Beban Berat Thomas Djiwandono
Beban Thomas ke depan tidak mudah. Ada dua sudut pandang di publik dengan terpilihnya Thomas. Pertama, memudahkan koordinasi antara fiskal dan moneter mengingat posisinya di BI akan memudahkan sinergi kebijakan dengan program yang digagas pemerintah. Kedua, akan memunculkan stigma intervensi bank sentral. Dampaknya, cawe-cawe BI terhadap program atau kebijakan yang bukan tupoksinya makin besar, sehingga menggoyahkan independensi bank sentral.
Dalam tulisannya, Guru Besar Sosiologi Ekonomi FISIP Universitas Airlangga Bagong Suyanto menyampaikan bahwa siapa pun deputi gubernur BI yang terpilih semestinya independen dan tidak rawan diintervensi pemerintah dalam menjalankan tugas menjaga stabilitas moneter dan stabilitas ekonomi secara keseluruhan.
Strategi GERAK yang Diusung Thomas
Thomas Djiwandono angkat suara mengenai kegamangan publik. Dia menegaskan bahwa konsep yang dibawa ke Gedung Thamrin akan memastikan bahwa BI tetap independen. Dia menyampaikan lima konsep strategi yang diusungnya, yakni bernama GERAK:
- Governance kebijakan yang kuat dan kredibel
- Efektivitas kebijakan
- Resiliensi sistem keuangan
- Akselerasi sinergi fiskal, moneter dan sektor keuangan
- Keberlanjutan transformasi keuangan
“Saya merasa lima hal ini bisa membangun atau mendukung pertumbuhan ekonomi yang berkelanjutan secara adaptif dan agile, lincah lah,” terangnya di Kompleks Parlemen Senayan, Jakarta, Senin (26/1).

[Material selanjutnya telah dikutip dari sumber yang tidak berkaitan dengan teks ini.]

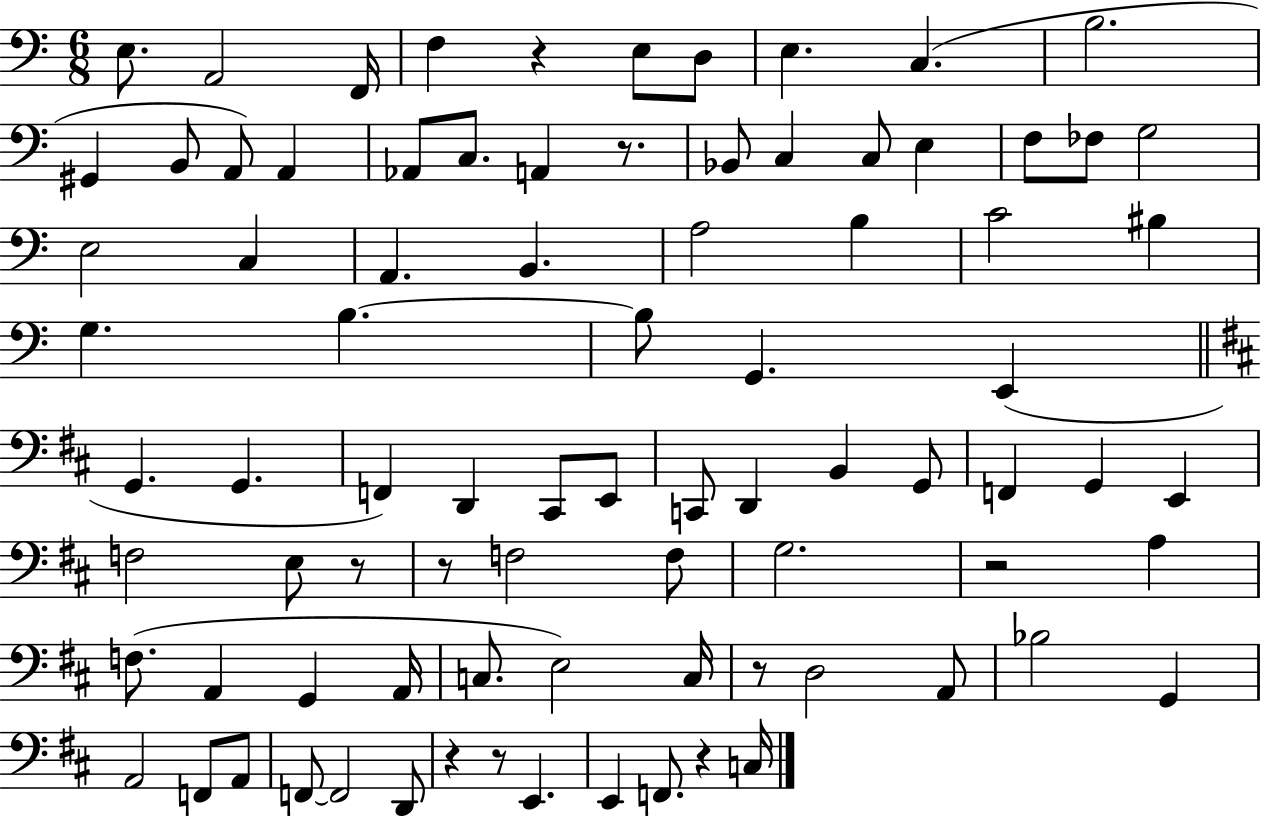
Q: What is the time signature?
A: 6/8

Purbaya Menjawab Kekhawatiran Intervensi BI
Menteri Keuangan Purbaya Yudhi Sadewa secara terbuka menyatakan dukungannya terhadap Thomas Djiwandono yang terpilih menjadi deputi gubernur BI. Purbaya berharap Thomas nantinya dapat membawa perspektif fiskal yang lebih kuat dalam perumusan kebijakan moneter, tanpa mengganggu independensi bank sentral.

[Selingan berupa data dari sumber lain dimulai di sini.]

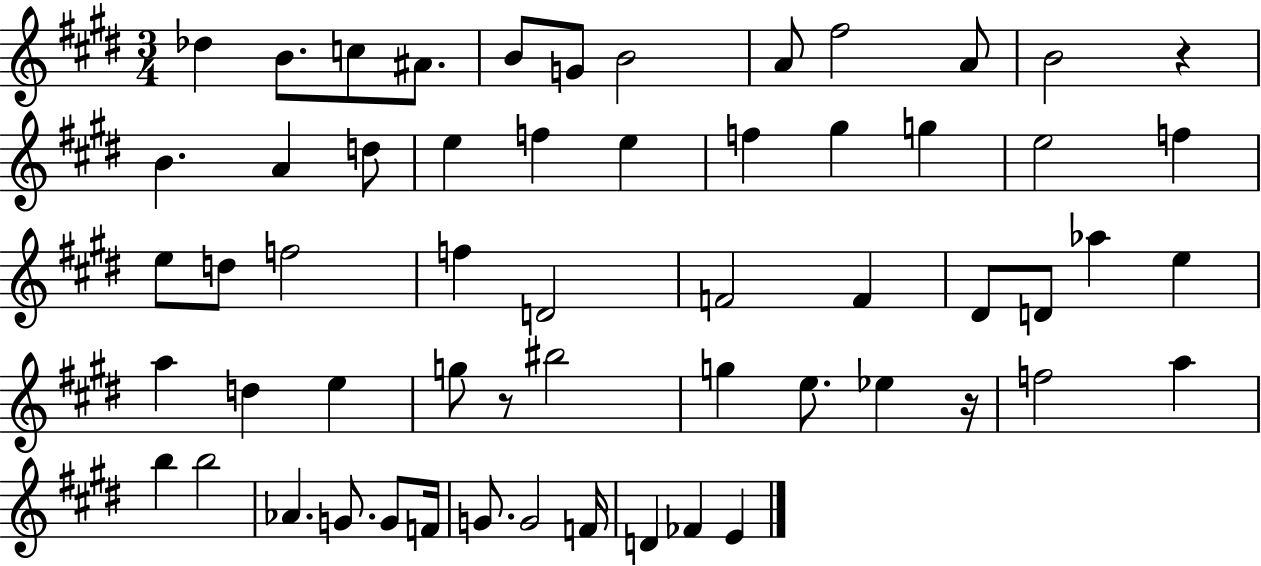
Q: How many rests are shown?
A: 3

Menurut Purbaya, wawasan makroekonomi yang lebih luas, khususnya dari sisi pengelolaan keuangan negara, diperlukan agar diskusi kebijakan di bank sentral menjadi lebih komprehensif. “Bukan berarti fiskal menguasai moneter. Tidak, kan beda. Setelah di sana [BI], ya dia di sana. Saya kan tidak bisa mengendalikan dia,” tegasnya.

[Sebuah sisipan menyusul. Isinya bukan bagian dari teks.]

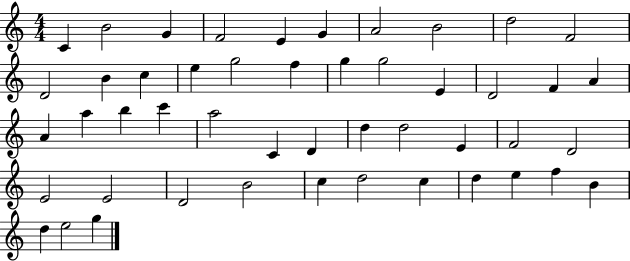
{
  \clef treble
  \numericTimeSignature
  \time 4/4
  \key c \major
  c'4 b'2 g'4 | f'2 e'4 g'4 | a'2 b'2 | d''2 f'2 | \break d'2 b'4 c''4 | e''4 g''2 f''4 | g''4 g''2 e'4 | d'2 f'4 a'4 | \break a'4 a''4 b''4 c'''4 | a''2 c'4 d'4 | d''4 d''2 e'4 | f'2 d'2 | \break e'2 e'2 | d'2 b'2 | c''4 d''2 c''4 | d''4 e''4 f''4 b'4 | \break d''4 e''2 g''4 | \bar "|."
}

Penilaian Pengamat Politik
Pengamat politik Universitas Al Azhar Indonesia (UAI) Ujang Komarudin menilai kekhawatiran soal kehadiran Thomas di Gedung Thamrin bakal menganggu independensi BI berlebihan. Menurutnya, independensi BI dijaga oleh sistem, undang-undang, dan mekanisme pengambilan keputusan kolektif di dewan gubernur.
“Independensi BI tidak ditentukan oleh latar belakang individu, tapi oleh sistem kelembagaan. Jadi tidak tepat kalau independensi BI dipersoalkan hanya karena asal-usul personal,” katanya. Dia menilai perdebatan publik seharusnya diarahkan pada kontribusi dan kinerja Thomas Djiwandono ke depan, bukan pada asal institusinya.
Yang jelas beban Thomas tidak mudah, dia harus menjaga marwah nama Djiwandono yang terkenal berintegritas menentang ketidakseimbangan kebijakan dari kekuasaan.